3) Those high debt balances will impact many other aspects of your life - buying a house, having a family etc.. all that debt will bog down your cash flow making it difficult to do anything else.
Good luck and happy new year!
Tom Cymer CFP
President Opulen Financial Group LLC
You actually sound like a young me! I had my first brokerage account at TD Ameritrade when I was in college trying to figure how to make money in the markets.....and here I am doing the same thing today!
Anyways, most studies suggest that the majority of people (professional or regular) do not systematically beat the market on any consistent period of time. Most people actually trail market returns when they try to outperform by active trading. This is due to the the fairly unpredictable nature of the markets as well as costs involved both in transaction fees and taxes on short term gains. You are likely going to be better off buying those index funds and holding them long term even, as boring as that may seem.
With that being said - there is a certain level of excitement in having some "play" money in the market. At the very least you will hopefully learn from your investing venture and maybe even make a little money. My advice would to be to invest the majority of the money you have allocated, for the long term, in index funds and let them sit there. Then carve out whatever you are comfortable potentially losing for your trading endeavor. As far as trading platforms - etrade, TD Ameritrade are all pretty good and fairly inexpensive. For options trading (which involves substantial risk and I really suggest you open a paper trading account first) you can look at optionshouse.
Tom Cymer CFP
President Opulen Financial Group LLC
The first step to figuring out gains or losses would be to determine your cost basis of the stock in question. Your cost basis is typically what you paid for the stock plus add in any commissions/fees that you paid to acquire the stock. For example:
You bought 10 shares of XYZ stock at 100/share = 1,000
You paid a commission of 50 bucks to your broker/trade platform
Total paid = 1050 as your basis you can then divide by 10 shares you own = your basis per share
Next up you have to adjust your basis for dividends you may have gotten from the stock which were reinvested. So let's say your stock paid you $100 in distributions which you then paid tax on via a form 1099 DIV. You can now adjust your basis upwards:
1050 + 100 = New basis of 1150.
Finally you the difference in proceeds from the sale will be your gain or loss.

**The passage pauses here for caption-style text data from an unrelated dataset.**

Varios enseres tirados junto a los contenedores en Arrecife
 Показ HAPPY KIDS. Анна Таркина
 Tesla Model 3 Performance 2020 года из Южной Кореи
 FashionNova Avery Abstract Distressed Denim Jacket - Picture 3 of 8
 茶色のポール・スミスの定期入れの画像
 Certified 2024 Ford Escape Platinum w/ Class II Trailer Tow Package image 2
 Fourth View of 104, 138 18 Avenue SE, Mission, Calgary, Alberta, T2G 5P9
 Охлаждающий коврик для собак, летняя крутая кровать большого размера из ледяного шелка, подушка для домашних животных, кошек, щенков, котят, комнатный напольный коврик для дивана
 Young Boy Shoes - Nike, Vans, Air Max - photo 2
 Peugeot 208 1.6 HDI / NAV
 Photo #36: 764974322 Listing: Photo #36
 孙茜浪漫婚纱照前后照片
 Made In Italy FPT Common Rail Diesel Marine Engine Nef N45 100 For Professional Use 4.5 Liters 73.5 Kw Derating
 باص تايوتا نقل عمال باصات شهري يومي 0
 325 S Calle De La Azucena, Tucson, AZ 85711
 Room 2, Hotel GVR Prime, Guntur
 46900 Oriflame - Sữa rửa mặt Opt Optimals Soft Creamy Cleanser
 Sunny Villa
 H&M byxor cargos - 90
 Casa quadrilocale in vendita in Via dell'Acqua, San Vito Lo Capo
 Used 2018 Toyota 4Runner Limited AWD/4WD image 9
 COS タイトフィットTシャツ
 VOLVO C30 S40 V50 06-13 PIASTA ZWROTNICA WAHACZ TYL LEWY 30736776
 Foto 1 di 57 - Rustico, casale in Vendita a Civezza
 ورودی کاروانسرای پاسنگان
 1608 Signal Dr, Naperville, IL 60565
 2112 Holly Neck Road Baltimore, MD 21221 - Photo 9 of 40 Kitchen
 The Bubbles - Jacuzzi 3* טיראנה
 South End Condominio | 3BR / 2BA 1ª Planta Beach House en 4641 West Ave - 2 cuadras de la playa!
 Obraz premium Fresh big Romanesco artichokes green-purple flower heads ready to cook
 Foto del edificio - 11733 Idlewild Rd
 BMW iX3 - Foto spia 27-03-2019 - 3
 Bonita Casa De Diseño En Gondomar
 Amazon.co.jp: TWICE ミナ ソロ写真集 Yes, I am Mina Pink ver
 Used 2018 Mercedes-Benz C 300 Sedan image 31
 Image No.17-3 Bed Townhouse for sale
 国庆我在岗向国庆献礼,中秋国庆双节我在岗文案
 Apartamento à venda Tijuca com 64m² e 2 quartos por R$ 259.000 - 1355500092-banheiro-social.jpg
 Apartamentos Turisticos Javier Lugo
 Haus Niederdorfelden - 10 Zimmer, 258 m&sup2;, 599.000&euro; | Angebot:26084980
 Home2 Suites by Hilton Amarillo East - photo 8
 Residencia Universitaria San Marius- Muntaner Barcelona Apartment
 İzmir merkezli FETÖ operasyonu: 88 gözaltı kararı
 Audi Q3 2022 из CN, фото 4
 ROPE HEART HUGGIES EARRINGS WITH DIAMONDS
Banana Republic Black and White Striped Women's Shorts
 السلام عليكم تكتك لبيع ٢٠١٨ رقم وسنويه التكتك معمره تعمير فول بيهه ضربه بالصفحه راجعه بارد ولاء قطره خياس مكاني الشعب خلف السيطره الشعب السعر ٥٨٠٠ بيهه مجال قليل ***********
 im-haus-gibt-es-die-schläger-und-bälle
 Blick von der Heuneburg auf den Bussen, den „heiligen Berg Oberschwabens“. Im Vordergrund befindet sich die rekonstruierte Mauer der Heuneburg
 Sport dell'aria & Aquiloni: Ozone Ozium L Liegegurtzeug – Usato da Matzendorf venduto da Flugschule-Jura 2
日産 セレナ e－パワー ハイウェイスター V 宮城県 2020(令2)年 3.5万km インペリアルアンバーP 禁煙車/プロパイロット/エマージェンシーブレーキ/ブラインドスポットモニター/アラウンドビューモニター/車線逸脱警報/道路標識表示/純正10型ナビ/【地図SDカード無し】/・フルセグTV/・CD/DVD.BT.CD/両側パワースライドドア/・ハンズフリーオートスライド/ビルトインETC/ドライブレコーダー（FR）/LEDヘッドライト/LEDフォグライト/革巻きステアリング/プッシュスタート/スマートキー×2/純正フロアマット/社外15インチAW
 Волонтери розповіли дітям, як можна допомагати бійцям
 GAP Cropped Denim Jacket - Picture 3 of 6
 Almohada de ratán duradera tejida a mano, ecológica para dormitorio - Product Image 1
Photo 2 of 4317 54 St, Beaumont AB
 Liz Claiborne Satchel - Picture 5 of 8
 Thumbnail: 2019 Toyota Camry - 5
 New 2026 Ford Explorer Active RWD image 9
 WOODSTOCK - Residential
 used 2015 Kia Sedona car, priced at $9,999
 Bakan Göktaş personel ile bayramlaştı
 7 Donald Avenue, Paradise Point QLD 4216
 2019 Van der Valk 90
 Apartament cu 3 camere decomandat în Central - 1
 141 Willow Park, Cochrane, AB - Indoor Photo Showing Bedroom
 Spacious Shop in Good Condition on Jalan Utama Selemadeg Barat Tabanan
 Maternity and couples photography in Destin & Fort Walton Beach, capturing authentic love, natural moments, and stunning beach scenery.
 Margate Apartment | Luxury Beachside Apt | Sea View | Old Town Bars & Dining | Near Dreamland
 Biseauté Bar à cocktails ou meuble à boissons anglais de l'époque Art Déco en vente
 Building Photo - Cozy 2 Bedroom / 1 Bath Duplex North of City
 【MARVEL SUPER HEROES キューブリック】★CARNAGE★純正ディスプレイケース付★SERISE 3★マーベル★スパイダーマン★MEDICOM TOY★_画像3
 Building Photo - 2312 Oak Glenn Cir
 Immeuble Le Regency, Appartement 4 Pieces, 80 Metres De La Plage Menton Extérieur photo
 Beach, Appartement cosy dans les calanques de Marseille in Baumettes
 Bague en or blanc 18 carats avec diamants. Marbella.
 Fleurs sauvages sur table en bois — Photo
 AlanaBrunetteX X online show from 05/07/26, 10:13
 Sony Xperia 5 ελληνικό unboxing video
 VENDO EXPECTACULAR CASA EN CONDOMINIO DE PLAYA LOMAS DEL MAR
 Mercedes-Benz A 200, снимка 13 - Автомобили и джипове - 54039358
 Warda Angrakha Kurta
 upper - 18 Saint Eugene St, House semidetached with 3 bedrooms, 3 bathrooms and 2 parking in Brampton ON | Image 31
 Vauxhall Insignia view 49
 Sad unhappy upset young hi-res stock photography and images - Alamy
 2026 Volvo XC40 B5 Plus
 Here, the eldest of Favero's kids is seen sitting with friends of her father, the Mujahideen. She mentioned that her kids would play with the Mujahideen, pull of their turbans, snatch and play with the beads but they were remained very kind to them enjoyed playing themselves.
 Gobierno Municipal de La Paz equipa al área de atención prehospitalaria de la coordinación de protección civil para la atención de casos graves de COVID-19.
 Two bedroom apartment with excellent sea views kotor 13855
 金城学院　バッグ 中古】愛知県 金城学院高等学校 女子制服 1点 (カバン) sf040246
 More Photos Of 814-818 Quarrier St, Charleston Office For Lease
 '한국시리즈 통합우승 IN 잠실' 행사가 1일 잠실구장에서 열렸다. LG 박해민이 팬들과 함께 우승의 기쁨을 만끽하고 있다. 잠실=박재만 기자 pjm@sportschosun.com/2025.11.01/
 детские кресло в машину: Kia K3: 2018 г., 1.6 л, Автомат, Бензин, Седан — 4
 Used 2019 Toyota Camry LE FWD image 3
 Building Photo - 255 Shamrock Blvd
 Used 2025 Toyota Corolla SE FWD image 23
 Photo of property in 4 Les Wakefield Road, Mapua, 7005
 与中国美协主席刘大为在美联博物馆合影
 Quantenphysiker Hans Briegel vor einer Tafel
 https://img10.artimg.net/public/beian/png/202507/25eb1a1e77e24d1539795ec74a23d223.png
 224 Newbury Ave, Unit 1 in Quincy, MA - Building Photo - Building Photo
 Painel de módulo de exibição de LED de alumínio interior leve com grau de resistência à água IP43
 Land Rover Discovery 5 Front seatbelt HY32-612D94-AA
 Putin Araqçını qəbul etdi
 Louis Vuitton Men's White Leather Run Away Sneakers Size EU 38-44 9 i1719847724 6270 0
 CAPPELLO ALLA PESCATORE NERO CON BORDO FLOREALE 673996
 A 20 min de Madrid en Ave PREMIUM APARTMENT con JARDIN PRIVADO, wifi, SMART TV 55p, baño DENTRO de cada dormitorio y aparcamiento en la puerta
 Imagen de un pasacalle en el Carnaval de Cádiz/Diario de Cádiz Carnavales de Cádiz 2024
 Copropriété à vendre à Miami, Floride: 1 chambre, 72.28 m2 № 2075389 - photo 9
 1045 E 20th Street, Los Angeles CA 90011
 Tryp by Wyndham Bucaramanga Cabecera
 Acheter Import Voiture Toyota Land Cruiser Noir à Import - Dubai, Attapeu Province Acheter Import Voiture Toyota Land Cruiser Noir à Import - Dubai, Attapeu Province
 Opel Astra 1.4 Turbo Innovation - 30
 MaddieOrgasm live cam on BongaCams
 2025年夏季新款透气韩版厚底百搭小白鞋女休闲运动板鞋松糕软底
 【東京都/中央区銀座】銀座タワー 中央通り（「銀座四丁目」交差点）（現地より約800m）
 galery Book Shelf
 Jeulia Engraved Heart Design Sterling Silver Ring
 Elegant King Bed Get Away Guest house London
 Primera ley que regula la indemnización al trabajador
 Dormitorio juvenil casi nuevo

* The situation can potentially get trickier when you have stock splits that may have occurred or if you are working with stock that you inherited as well.
Great question! First off I think your worry about investing all of your cash at this point is warranted. The rally may have legs or may not - there is no crystal ball! As far as your asset allocation goes - YES you should worry about what it looks like. Most studies attribute the majority of long term performance to what your asset allocation looks like.
As far as investing with wealthfront - from my experience the robos do a pretty good job in breaking down your assets into various asset classes. If you dig a little deeper, you may actually see that they use some of the same holdings that you already own in your portfolio or something that is quite similar.
I would suggest you set a monthly amount you want to invest from your savings and dollar cost average the cash you plan to invest into your portfolio (with wealthfront or on your own). This way if the market continues to rally, you'll see some gains. If it reverses course, you'll just be buying more shares each month on the way down.